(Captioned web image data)
:::::
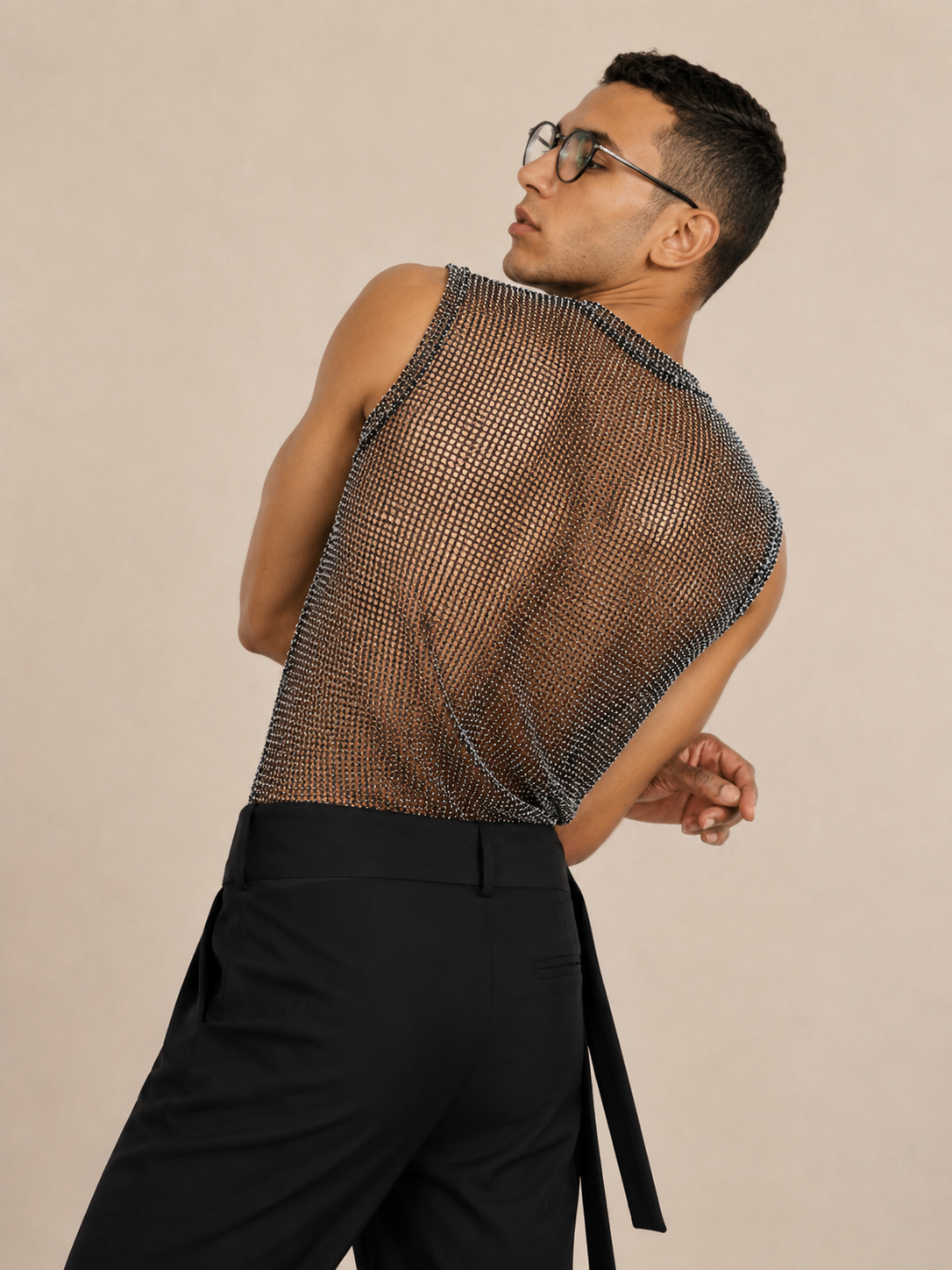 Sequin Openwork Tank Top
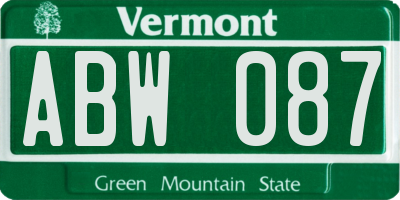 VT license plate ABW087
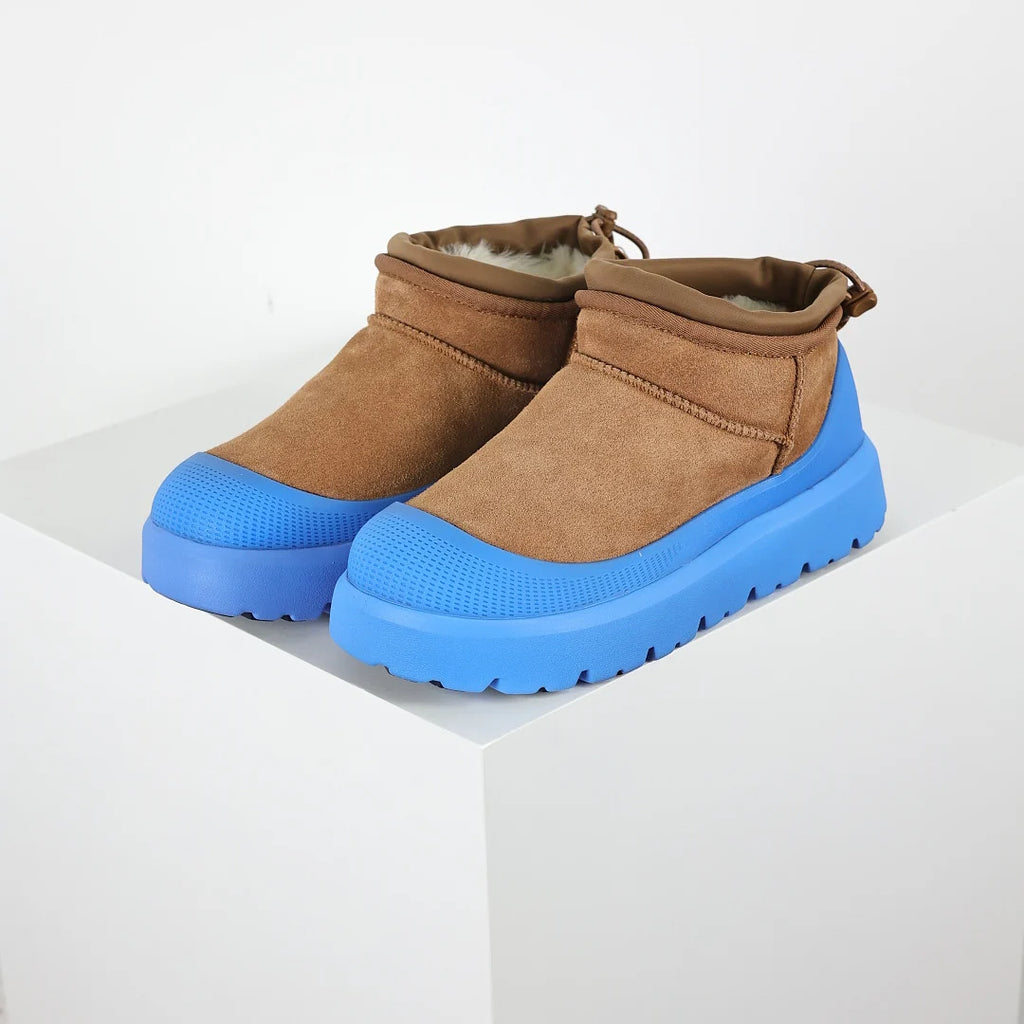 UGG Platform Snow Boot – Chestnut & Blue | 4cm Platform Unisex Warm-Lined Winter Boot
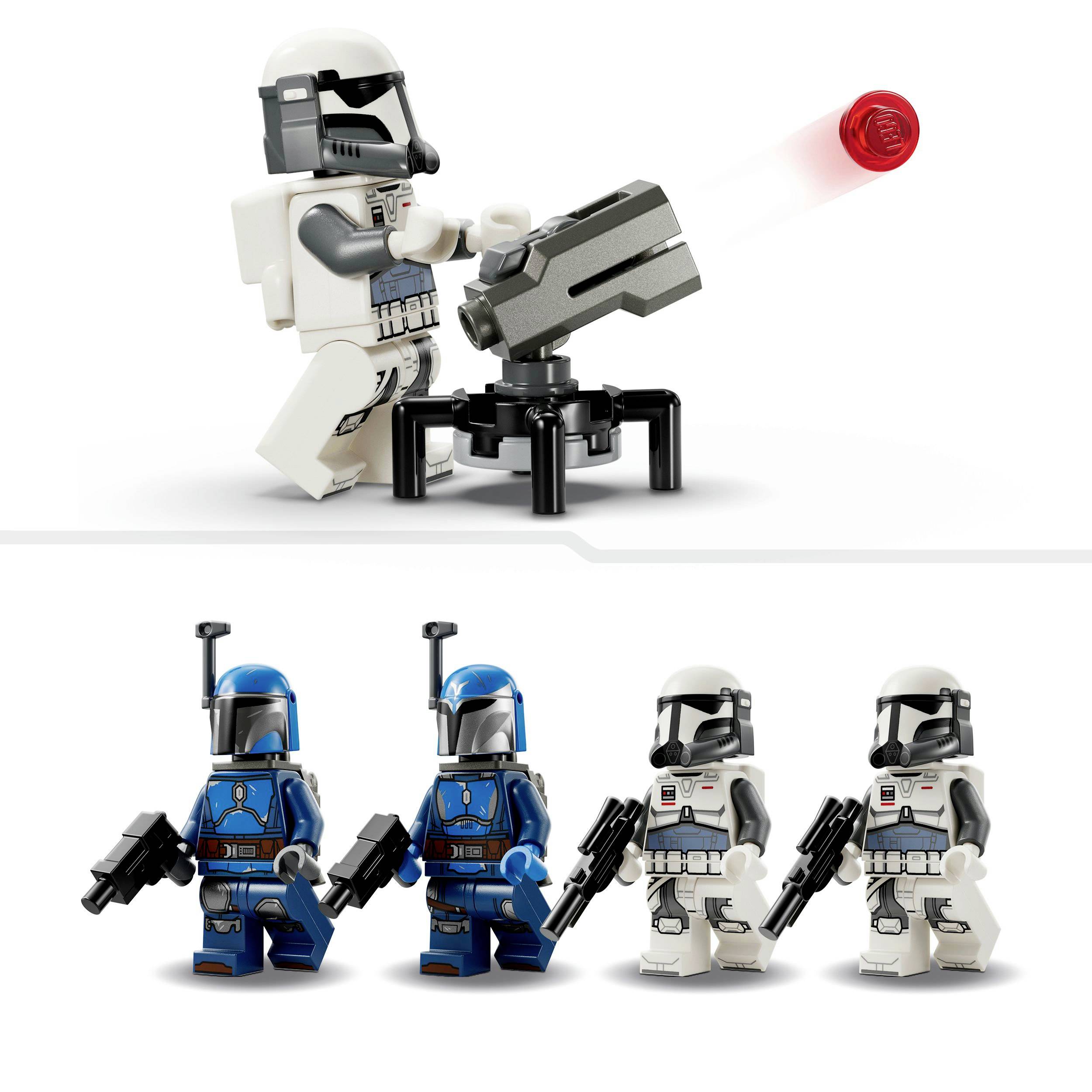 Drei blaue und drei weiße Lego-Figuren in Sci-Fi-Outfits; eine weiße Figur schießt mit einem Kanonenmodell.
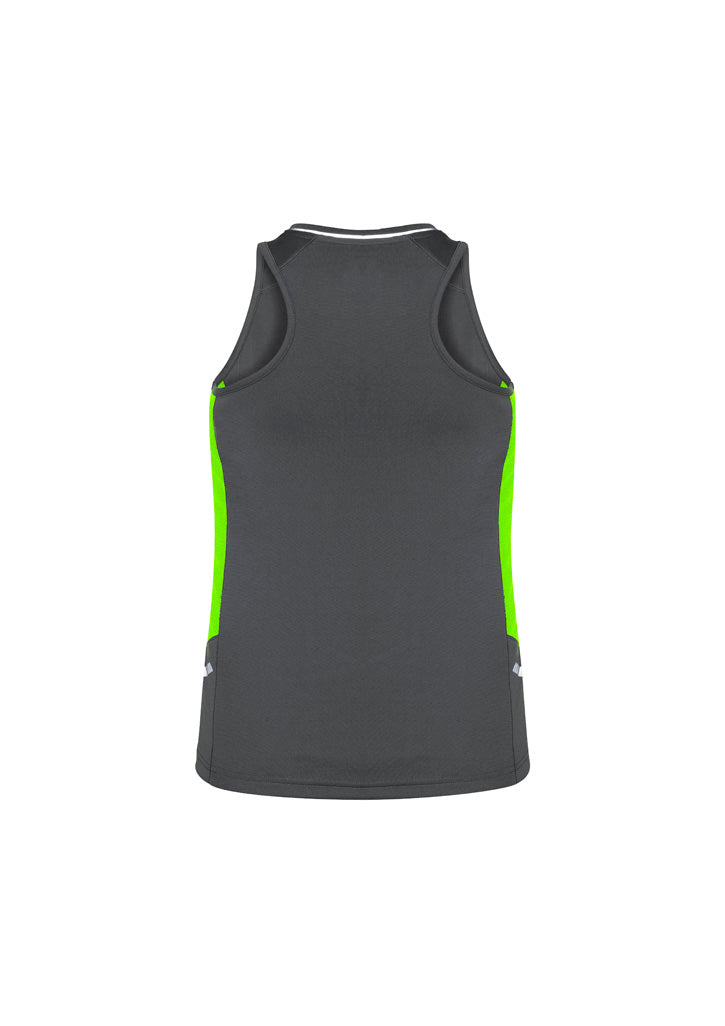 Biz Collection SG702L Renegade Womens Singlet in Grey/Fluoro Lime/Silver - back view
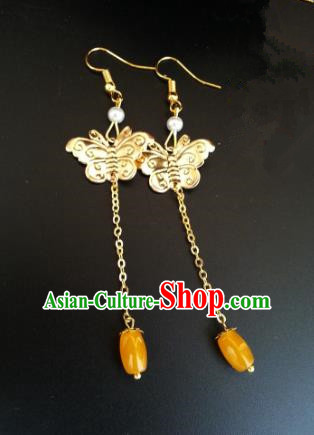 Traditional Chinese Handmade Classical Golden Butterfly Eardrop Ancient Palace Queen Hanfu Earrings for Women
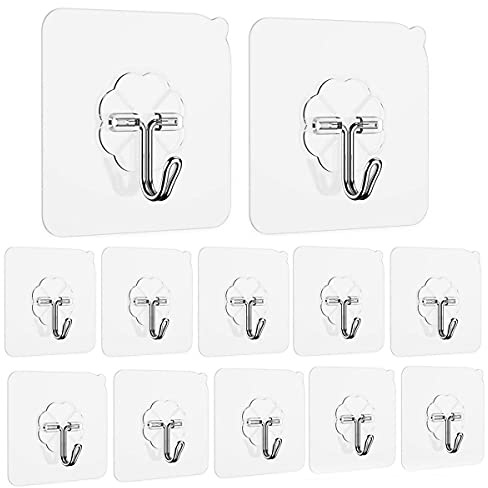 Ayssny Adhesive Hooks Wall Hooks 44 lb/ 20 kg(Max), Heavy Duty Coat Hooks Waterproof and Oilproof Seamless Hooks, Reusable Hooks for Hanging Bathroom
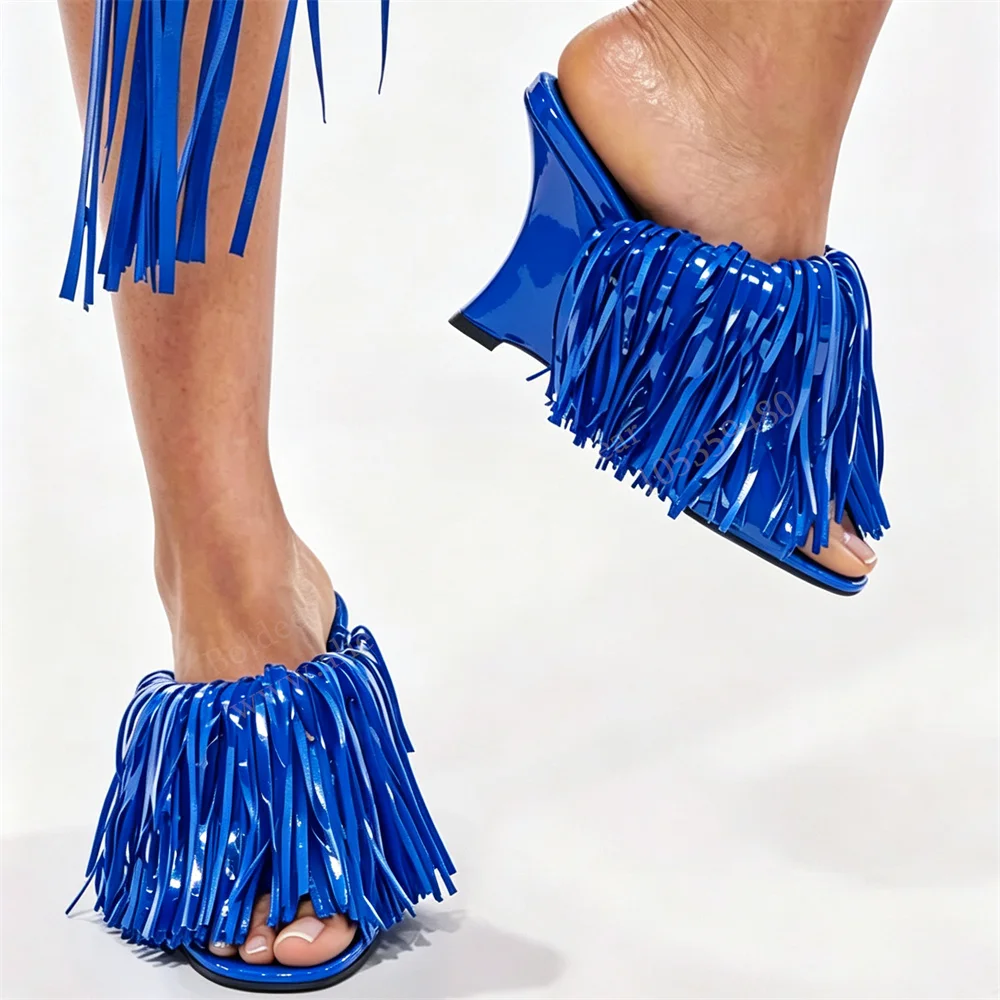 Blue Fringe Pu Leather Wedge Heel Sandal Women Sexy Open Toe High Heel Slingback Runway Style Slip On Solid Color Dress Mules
:::::
— WHAT IS EXPECTED —
Print the lines from the beginning of the records up to and including the line containing "Biz Collection SG702L", word for word, with no pictures.

— WRITTEN SOLUTION —
 Sequin Openwork Tank Top
 VT license plate ABW087
 UGG Platform Snow Boot – Chestnut & Blue | 4cm Platform Unisex Warm-Lined Winter Boot
 Drei blaue und drei weiße Lego-Figuren in Sci-Fi-Outfits; eine weiße Figur schießt mit einem Kanonenmodell.
 Biz Collection SG702L Renegade Womens Singlet in Grey/Fluoro Lime/Silver - back view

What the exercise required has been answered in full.